TRUE. This is one of the main reasons of TREES being so widely used.
The benefit of TREES is much clearer when there is not a single causation model for the whole population of interest
TRUE. A TREE can handle complexity in causation in a flexible way.
OVERFITTING is about the risk of a poor “generalization” of our results in new samples
TRUE. This is a way of saying that, if we let the algorithm to “overfit“ we take the risk of getting good results in the training sample and not that good in new samples.

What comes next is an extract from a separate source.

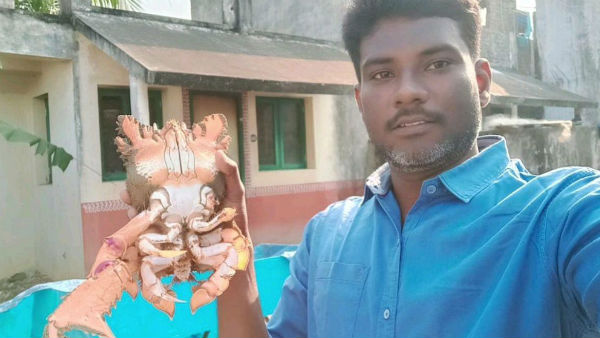 Miracle crab caught in puducherry fishermans net Miracle crab caught in puducherry fishermans net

If you increase the minimum number of cases in a parent node to be divided or in a child node, you take a higher risk of overfitting
FALSE. By increasing the minimum of cases needed, we avoid splitting small nodes into even smaller nodes so we limit the flexibility of the tree looking for a better generalization of results
The GAIN of a node in a tree measures the % of “hits” in the node compared to % of “hits” in the whole sample
TRUE. This is the exact definition
CHAID, CRT, TWO-STEP and PCA are all different types of TREES algorithms
FALSE. TWO-STEP is a clustering algorithm and PCA is about factor analysis.
In a CREDIT DEFAULT RISK exercise, a false positive is much more expensive than a false negative
FALSE. A false positive means to reject a credit but a false negative means to give credit to a risky customer
If we predict a YES/NO target using a TREE, the main output we will get in terms of prediction is directly a YES/NO
FALSE. When we use a TREE to predict a YES (Vs NO) target, we will get a “propension” to “YES”, a kind of numerical score that we will later transform into a YES/NO according to a give threshold. Modeler is able to generate this YES/NO automatically (apart from the score) but we have to control the cutoff value as analysists.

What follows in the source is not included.